ABOUT THIS EXERCISE
Don't include any picture when you restate the data word for word.

Short text fragments from websites
-- Opening Marker --

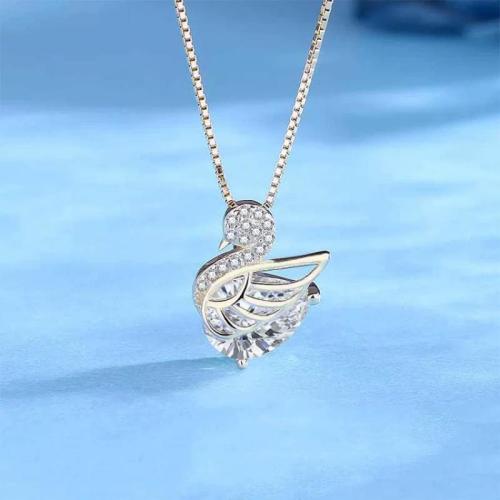 Cubic Zircon Micro Pave 925 Sterling Silver Necklace, with 5cm extender chain, Swan, fashion jewelry & micro pave cubic zirconia & for woman, more colors for choice, Length:Approx 40 cm, Sold By PC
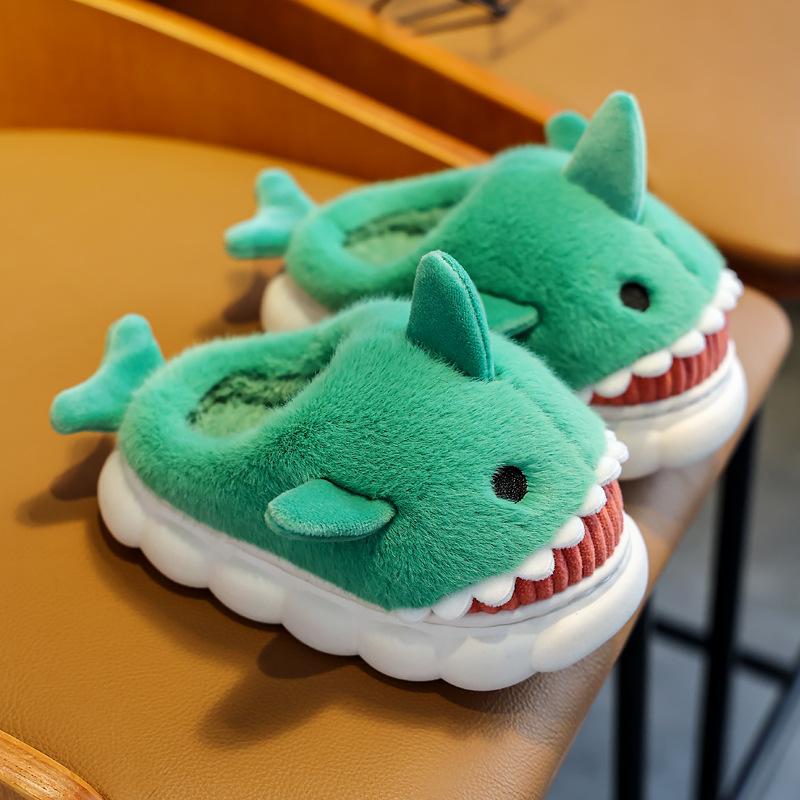 Children's Cotton Slippers Boys and Girls Cute Cartoon Shark Slippers Autumn and Winter Home Indoor Baby Thick Bottom Slippers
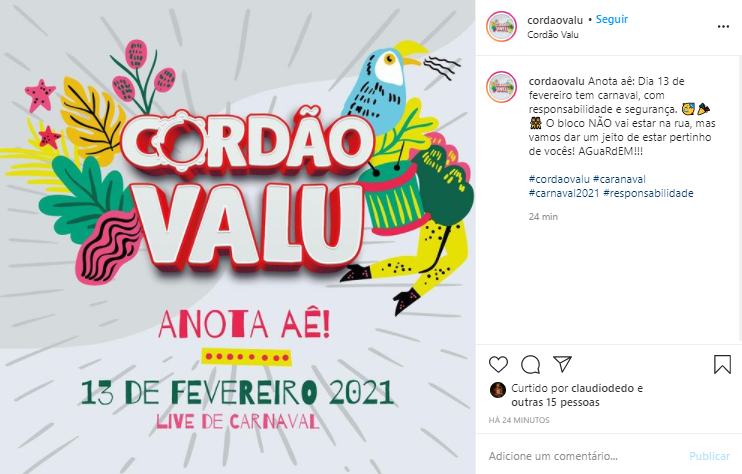 Cordão Valu terá Carnaval virtual pelas redes sociais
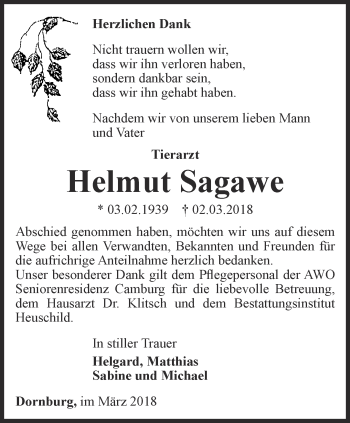Traueranzeige von Helmut Sagawe von Ostthüringer Zeitung, Thüringische Landeszeitung
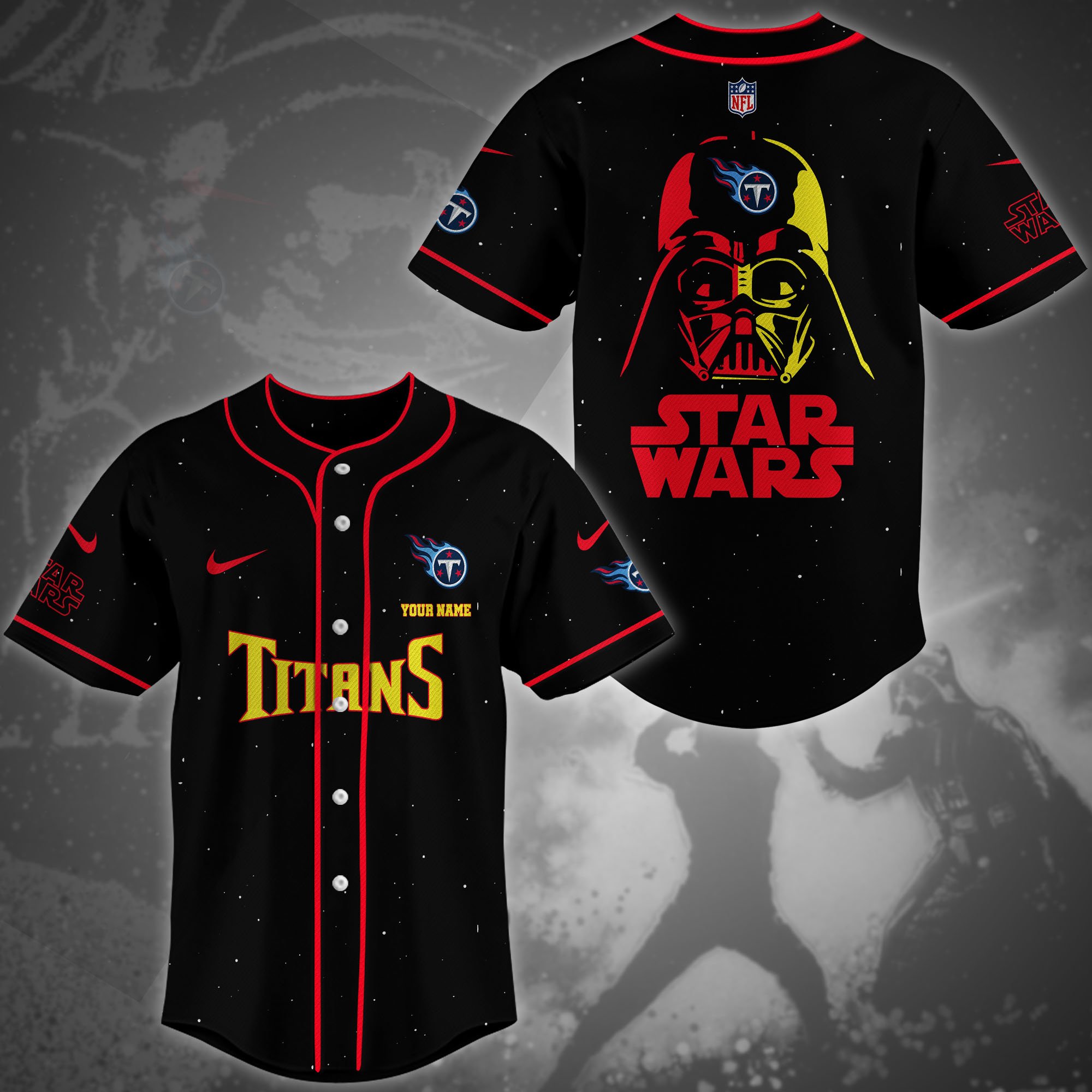 Tennessee Titans Team And Star Wars Baseball Shirt Custom Name, Sport Shirts For Fan, Sport Gifts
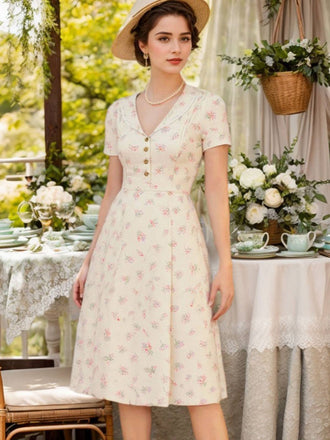 Abito floreale maniche a sbuffo puro cotone beige anni '40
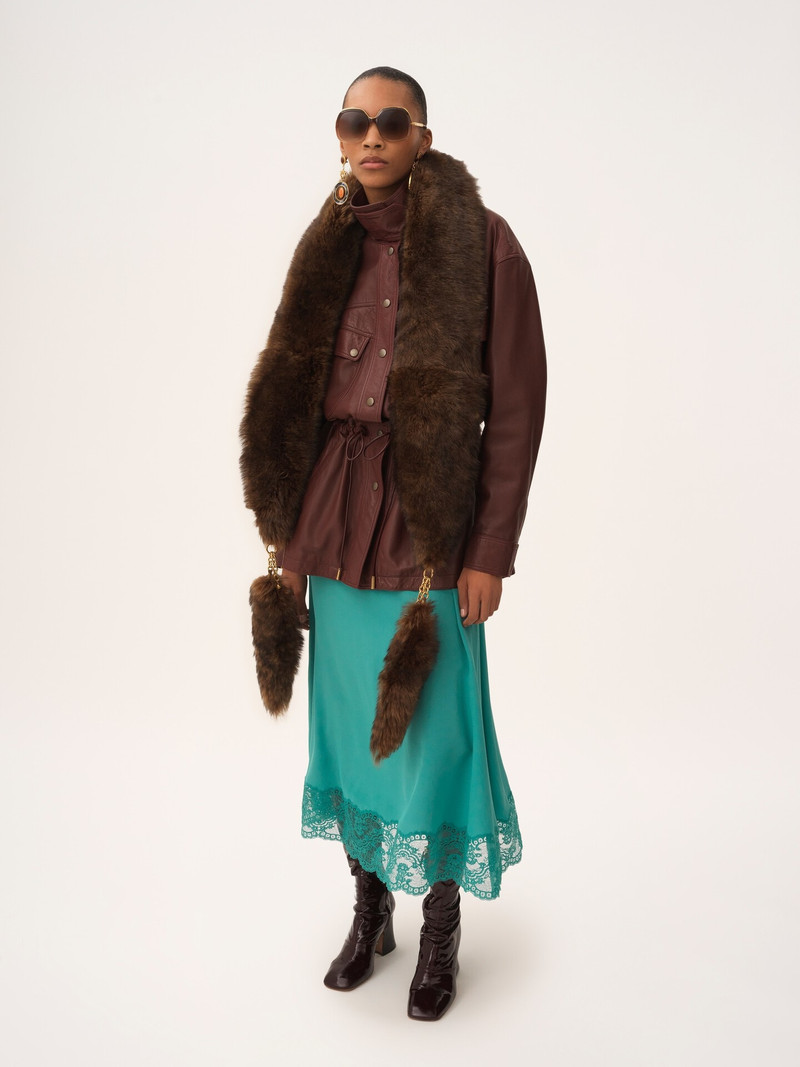 Chloé HIGH-NECK PARKA IN LEATHER outlook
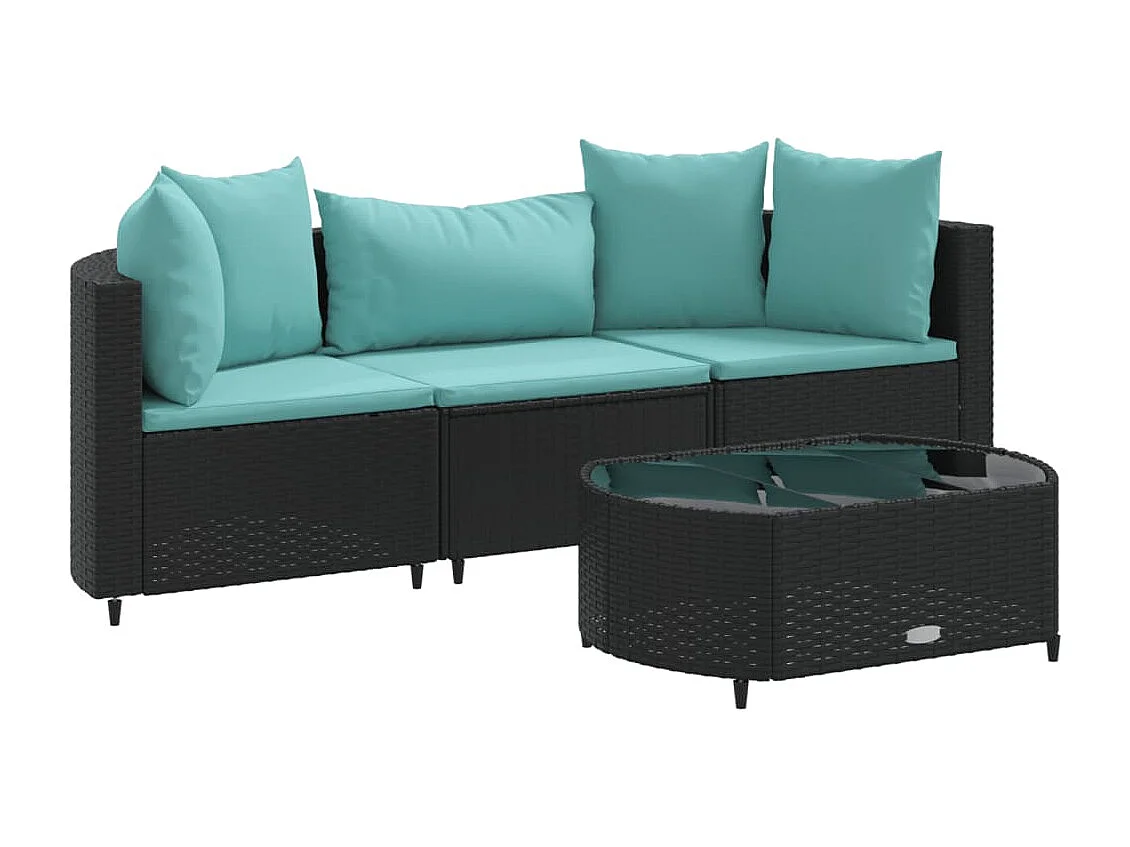 Salon de jardin 4 pcs avec coussins noir résine tressée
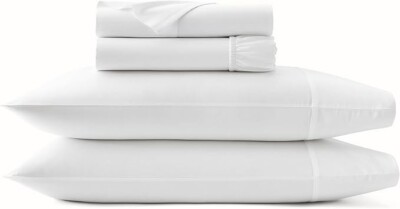 BOLL & BRANCH Signature Hemmed Sheet Set - King White Luxury 100% Organic Cotton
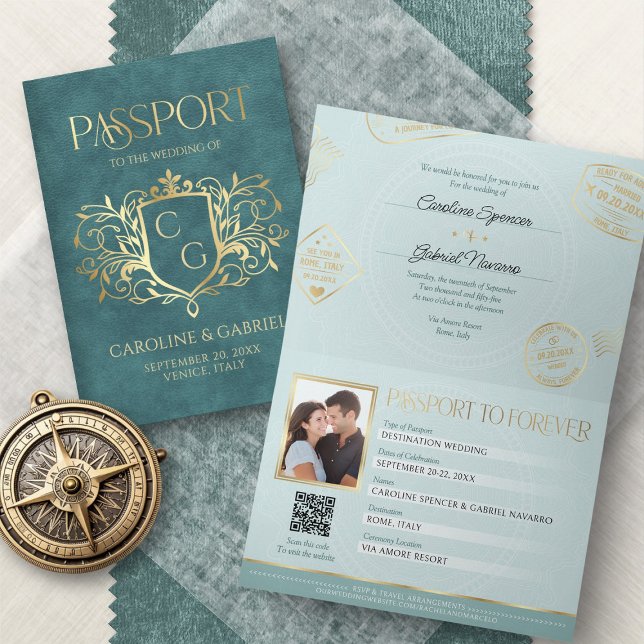 Passport Destination Wedding Invitation Inbjudan (Skapare uppladdad)
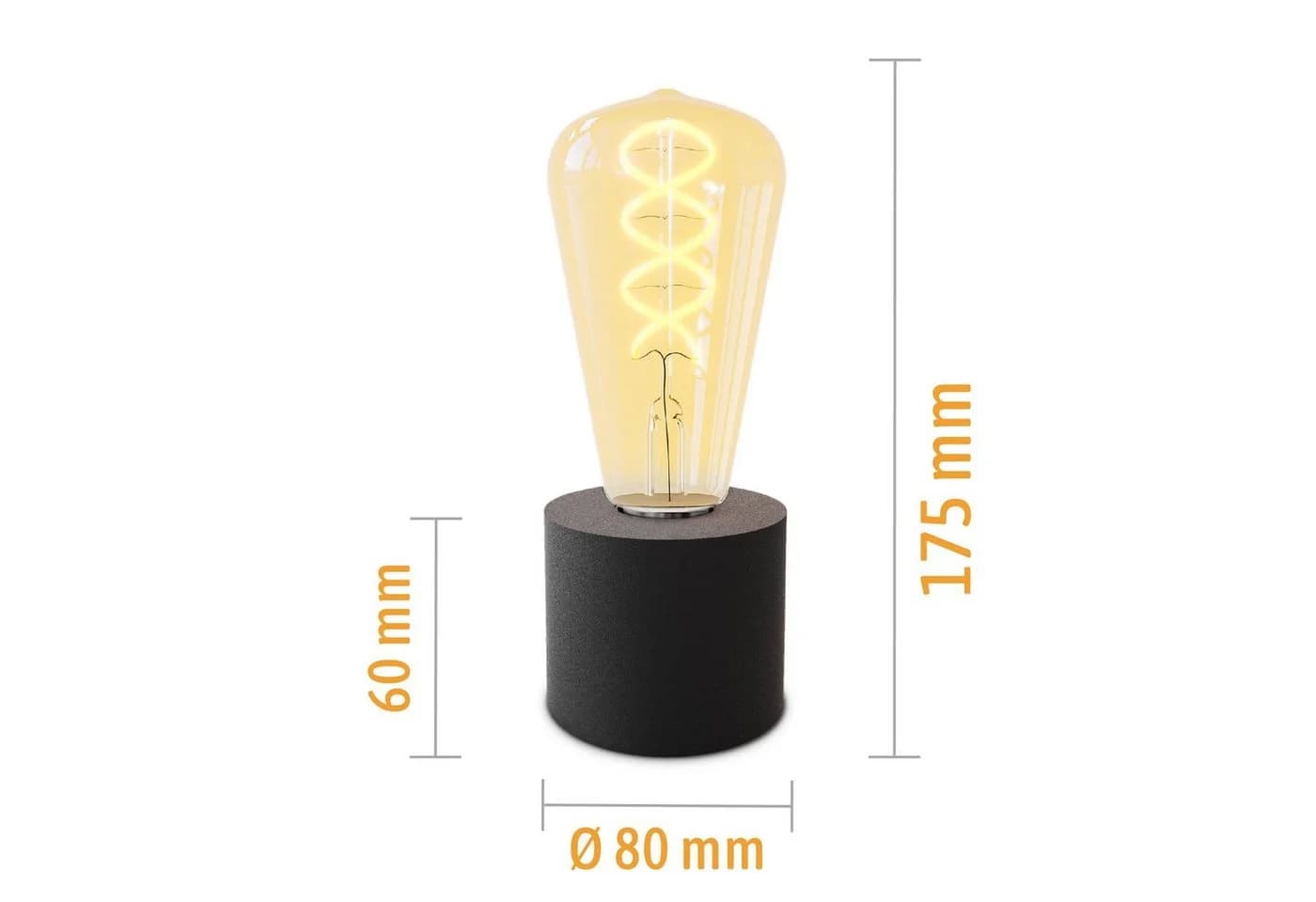 SSC-LUXon LED Tisch- & Wandlampe NAMBI Schwarz Industrial Retro - Bild 5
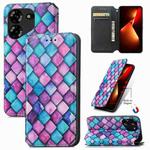 For Tecno Pova 5 4G CaseNeo Colorful Magnetic Leather Phone Case(Purple Scales)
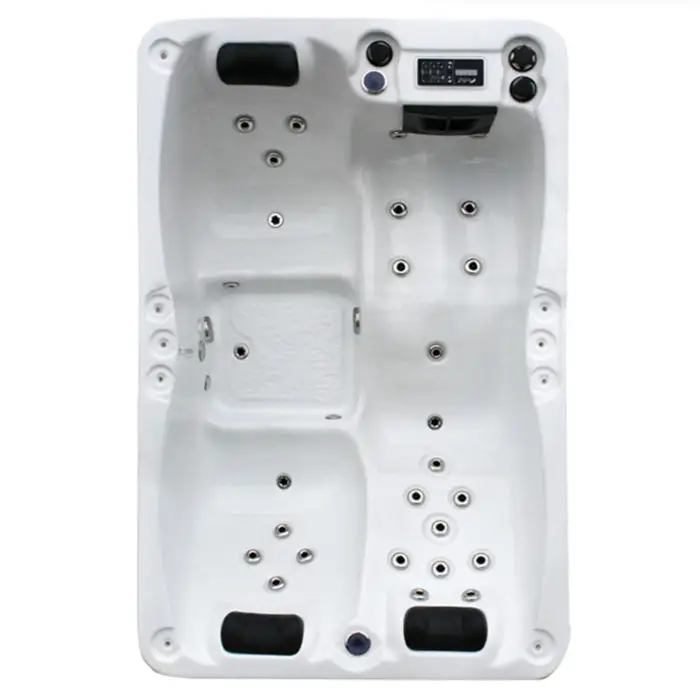 Luxury Acrylic Hotel Whirlpool Bathtub Freestanding Hot Tub for 3 Persons Villa Garden Outdoor Spa with Whirlpool Jets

-- Closing Marker --

OUTPUT FOR THIS EXERCISE
 Cubic Zircon Micro Pave 925 Sterling Silver Necklace, with 5cm extender chain, Swan, fashion jewelry & micro pave cubic zirconia & for woman, more colors for choice, Length:Approx 40 cm, Sold By PC
 Children's Cotton Slippers Boys and Girls Cute Cartoon Shark Slippers Autumn and Winter Home Indoor Baby Thick Bottom Slippers
 Cordão Valu terá Carnaval virtual pelas redes sociais
Traueranzeige von Helmut Sagawe von Ostthüringer Zeitung, Thüringische Landeszeitung
 Tennessee Titans Team And Star Wars Baseball Shirt Custom Name, Sport Shirts For Fan, Sport Gifts
 Abito floreale maniche a sbuffo puro cotone beige anni '40
 Chloé HIGH-NECK PARKA IN LEATHER outlook
 Salon de jardin 4 pcs avec coussins noir résine tressée
 BOLL & BRANCH Signature Hemmed Sheet Set - King White Luxury 100% Organic Cotton
 Passport Destination Wedding Invitation Inbjudan (Skapare uppladdad)
 SSC-LUXon LED Tisch- & Wandlampe NAMBI Schwarz Industrial Retro - Bild 5
 For Tecno Pova 5 4G CaseNeo Colorful Magnetic Leather Phone Case(Purple Scales)
 Luxury Acrylic Hotel Whirlpool Bathtub Freestanding Hot Tub for 3 Persons Villa Garden Outdoor Spa with Whirlpool Jets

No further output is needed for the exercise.